Targets: ROS | 5-HT Receptor | NO | PGE | TNF-α | NOS | COX | IL Receptor | p38MAPK | JNK | Beta Amyloid | Calcium Channel
In vitro:
Fitoterapia. 2013 Sep;89:33-41.
Protective effect of albiflorin against oxidative-stress-mediated toxicity in osteoblast-like MC3T3-E1 cells.[Pubmed: 23707745 ]
Albiflorin isolated from Paeoniae Radix was investigated for its ability to protect against antimycin A-induced osteoblast toxicity in the MC3T3-E1 cell line.
METHODS AND RESULTS:
MC3T3-E1 cells showed significantly reduced viability, increased apoptosis and lactate dehydrogenase release, elevated ROS/RNS levels, and decreased mitochondrial function after exposure to antimycin A. Pretreatment with Albiflorin reversed the loss of cell viability in antimycin A-treated cultures. Similarly, pretreatment with Albiflorin before antimycin A resulted in decreased apoptosis and lactate dehydrogenase release, decreased ROS/RNS levels, and increased mitochondrial function compared to antimycin A-treated cultures. In addition, Albiflorin increased the mineralization reduced by antimycin A. Albiflorin reduced antimycin A-induced mitochondrial cytochrome c loss and cardiolipin peroxidation, conferring protection against ROS. These results confirmed the crucial role of cytochrome c and cardiolipin in the underlying mechanistic action of Albiflorin. Therefore, the results suggest that Albiflorin enhances mitochondrial function to suppress antimycin A-induced oxidative damage via the preservation of cytochrome c and cardiolipin.
CONCLUSIONS:
All of these data indicate that Albiflorin may reduce or prevent osteoblast degeneration in osteoporosis.
In vivo:
Evid-based. Compl. Alt. , 2016, 2016(15):1-8.
Paeoniflorin and Albiflorin Attenuate Neuropathic Pain via MAPK Pathway in Chronic Constriction Injury Rats[Pubmed: 27429639 ]
Neuropathic pain remains as the most frequent cause of suffering and disability around the world. The isomers paeoniflorin (PF) and Albiflorin (AF) are major constituents extracted from the roots of Paeonia (P.) lactiflora Pall. Neuroprotective effect of PF has been demonstrated in animal models of neuropathologies. However, only a few studies are related to the biological activities of AF and no report has been published on analgesic properties of AF about neuropathic pain to date.
METHODS AND RESULTS:
The aim of this study was to compare the effects of AF and PF against CCI-induced neuropathic pain in rat and explore the underlying mechanism. We had found that both PF and AF could inhibit the activation of p38 mitogen-activated protein kinase (p38 MAPK) pathway in spinal microglia and subsequent upregulated proinflammatory cytokines (interleukin-1β (IL-1β) and tumor necrosis factor-α (TNF-α)). AF further displayed remarkable effects on inhibiting the activation of astrocytes, suppressing the overelevated expression of phosphorylation of c-Jun N-terminal kinases (p-JNK) in astrocytes, and decreasing the content of chemokine CXCL1 in the spinal cord.
CONCLUSIONS:
These results suggest that both PF and AF are potential therapeutic agents for neuropathic pain, which merit further investigation.
Albiflorin Description
Source: The roots of Paeonia albiflora
Solvent: DMSO, Pyridine, Methanol, Ethanol, etc.
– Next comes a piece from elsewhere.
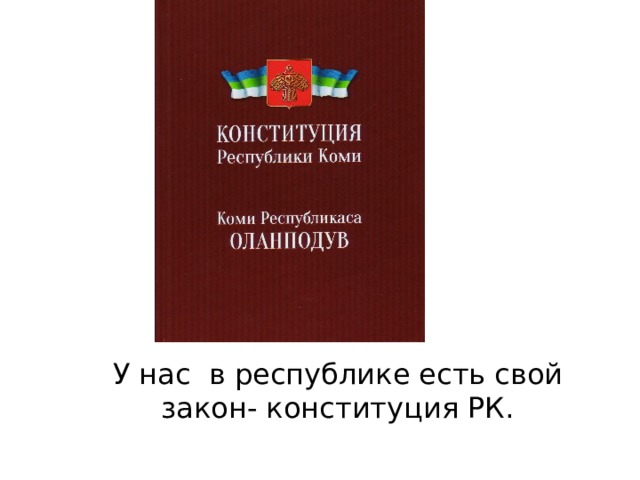 У нас в республике есть свой закон- конституция РК.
Storage: Providing storage is as stated on the product vial and the vial is kept tightly sealed, the product can be stored for up to 24 months(2-8C).
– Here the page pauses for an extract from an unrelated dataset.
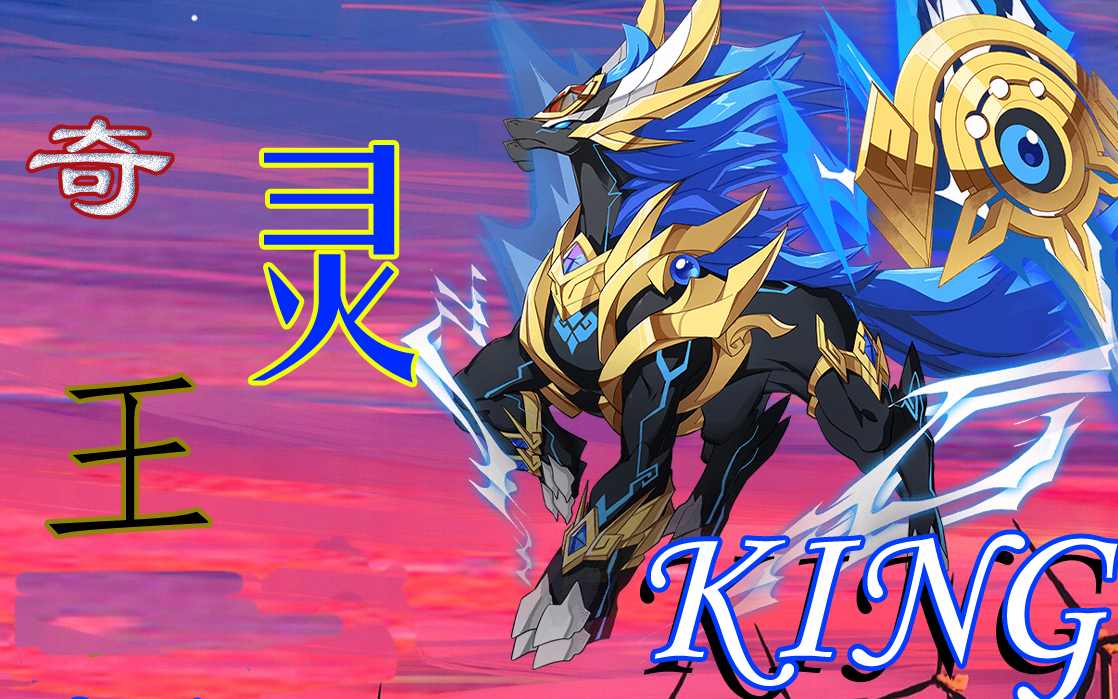 奥拉星手游奇灵王装备推荐实战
Wherever possible, you should prepare and use solutions on the same day. However, if you need to make up stock solutions in advance, we recommend that you store the solution as aliquots in tightly sealed vials at -20C. Generally, these will be useable for up to two weeks. Before use, and prior to opening the vial we recommend that you allow your product to equilibrate to room temperature for at least 1 hour.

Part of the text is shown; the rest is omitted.